**TASK STATEMENT**. What lines below contain the string "Yaris"? List them all.

Data entries
---------------
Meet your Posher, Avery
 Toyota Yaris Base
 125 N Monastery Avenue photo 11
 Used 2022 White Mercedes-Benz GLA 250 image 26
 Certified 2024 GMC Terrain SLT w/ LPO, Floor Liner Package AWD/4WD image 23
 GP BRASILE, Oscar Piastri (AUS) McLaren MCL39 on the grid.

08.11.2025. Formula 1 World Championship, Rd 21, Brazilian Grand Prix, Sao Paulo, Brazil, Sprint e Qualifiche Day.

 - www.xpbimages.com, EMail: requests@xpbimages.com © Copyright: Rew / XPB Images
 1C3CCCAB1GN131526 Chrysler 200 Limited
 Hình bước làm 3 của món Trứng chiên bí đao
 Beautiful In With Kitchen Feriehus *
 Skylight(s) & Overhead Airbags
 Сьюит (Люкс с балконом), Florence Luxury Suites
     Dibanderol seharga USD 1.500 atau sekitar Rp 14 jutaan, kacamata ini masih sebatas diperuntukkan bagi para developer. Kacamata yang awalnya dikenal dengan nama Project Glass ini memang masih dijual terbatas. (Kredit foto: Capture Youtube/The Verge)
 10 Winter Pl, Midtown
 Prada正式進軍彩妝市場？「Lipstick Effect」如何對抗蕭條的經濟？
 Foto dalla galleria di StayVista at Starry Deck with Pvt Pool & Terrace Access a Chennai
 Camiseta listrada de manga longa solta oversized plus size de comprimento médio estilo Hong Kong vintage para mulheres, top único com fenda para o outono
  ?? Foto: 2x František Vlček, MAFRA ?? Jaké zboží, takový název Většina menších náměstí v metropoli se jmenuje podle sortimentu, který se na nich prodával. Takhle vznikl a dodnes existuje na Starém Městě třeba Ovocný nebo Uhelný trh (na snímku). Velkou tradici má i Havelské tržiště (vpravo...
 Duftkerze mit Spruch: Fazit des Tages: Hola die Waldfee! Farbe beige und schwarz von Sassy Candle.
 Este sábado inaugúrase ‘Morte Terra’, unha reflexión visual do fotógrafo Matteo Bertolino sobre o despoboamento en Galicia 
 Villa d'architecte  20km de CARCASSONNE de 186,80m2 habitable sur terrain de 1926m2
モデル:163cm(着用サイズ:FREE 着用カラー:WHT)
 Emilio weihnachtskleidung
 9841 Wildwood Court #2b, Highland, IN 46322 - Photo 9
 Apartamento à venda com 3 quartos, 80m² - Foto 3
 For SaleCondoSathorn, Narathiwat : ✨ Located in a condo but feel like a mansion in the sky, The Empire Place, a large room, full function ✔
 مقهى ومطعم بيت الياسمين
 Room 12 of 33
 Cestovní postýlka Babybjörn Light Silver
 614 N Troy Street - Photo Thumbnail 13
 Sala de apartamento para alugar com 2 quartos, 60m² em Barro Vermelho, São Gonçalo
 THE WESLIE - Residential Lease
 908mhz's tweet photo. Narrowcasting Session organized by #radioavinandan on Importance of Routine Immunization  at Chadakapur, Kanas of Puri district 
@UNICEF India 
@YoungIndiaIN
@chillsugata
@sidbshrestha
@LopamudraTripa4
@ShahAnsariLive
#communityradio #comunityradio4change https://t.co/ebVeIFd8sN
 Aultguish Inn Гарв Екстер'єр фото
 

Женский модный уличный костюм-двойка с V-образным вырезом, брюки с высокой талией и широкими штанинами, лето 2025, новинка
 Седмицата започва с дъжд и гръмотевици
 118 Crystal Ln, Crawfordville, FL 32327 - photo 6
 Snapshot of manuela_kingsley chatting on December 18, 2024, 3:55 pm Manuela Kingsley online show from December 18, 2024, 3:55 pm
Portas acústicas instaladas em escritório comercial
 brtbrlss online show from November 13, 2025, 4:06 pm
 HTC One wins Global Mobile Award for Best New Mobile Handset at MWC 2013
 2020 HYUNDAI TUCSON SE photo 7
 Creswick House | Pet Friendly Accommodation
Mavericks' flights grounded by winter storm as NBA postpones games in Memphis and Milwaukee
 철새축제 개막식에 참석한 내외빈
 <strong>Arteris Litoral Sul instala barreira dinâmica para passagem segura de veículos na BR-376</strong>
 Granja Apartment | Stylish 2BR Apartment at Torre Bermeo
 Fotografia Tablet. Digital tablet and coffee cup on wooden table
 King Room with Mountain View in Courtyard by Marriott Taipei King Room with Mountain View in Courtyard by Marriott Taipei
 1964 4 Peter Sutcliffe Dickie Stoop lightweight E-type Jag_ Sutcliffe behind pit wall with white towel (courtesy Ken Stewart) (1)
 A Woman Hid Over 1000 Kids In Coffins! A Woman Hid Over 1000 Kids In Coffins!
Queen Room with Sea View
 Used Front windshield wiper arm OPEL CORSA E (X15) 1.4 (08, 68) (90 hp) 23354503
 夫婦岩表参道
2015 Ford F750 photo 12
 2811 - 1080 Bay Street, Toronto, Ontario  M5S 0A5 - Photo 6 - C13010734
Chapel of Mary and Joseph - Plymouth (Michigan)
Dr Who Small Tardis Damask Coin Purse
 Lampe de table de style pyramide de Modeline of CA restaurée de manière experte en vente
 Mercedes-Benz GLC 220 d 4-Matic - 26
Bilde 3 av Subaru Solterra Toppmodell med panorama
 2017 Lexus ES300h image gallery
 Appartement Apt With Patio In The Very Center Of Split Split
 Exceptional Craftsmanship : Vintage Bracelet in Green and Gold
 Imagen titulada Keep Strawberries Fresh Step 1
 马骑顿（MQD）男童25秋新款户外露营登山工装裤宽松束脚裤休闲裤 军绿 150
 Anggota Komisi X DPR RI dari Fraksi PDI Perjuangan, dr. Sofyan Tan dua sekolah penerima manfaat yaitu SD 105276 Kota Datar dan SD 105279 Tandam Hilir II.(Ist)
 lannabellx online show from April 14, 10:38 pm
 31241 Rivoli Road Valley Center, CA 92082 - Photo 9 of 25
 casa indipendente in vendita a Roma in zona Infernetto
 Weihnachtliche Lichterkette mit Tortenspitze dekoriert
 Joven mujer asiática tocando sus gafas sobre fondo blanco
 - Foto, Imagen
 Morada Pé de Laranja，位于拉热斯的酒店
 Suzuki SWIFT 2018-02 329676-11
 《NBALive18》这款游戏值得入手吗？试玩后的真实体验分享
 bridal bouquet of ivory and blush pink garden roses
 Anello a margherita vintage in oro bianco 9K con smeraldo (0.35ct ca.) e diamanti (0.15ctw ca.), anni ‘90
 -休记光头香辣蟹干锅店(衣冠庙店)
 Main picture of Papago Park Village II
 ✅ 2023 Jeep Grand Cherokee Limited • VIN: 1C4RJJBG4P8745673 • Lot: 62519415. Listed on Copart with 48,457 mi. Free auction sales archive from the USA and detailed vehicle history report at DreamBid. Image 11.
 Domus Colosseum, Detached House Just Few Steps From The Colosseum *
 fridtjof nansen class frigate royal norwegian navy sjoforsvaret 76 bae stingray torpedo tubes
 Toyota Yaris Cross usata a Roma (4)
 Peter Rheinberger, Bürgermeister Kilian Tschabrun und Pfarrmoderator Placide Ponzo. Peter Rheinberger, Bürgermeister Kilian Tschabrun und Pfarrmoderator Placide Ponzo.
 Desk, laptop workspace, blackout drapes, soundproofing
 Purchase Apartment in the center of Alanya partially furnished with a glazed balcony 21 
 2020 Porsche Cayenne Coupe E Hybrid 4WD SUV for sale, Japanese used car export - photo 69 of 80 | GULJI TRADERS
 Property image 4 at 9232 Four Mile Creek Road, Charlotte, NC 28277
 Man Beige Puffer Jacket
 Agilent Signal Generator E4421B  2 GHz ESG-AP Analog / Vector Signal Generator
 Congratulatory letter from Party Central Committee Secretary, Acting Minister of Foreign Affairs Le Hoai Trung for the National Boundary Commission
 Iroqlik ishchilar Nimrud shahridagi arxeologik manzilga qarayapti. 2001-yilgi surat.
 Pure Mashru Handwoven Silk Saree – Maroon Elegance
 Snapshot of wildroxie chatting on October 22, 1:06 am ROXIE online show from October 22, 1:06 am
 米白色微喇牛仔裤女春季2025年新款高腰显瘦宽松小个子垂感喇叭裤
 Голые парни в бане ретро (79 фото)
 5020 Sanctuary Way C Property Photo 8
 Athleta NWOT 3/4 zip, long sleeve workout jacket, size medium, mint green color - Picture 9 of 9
---------------
**EXERCISE OUTPUT**.
 Toyota Yaris Base
 Toyota Yaris Cross usata a Roma (4)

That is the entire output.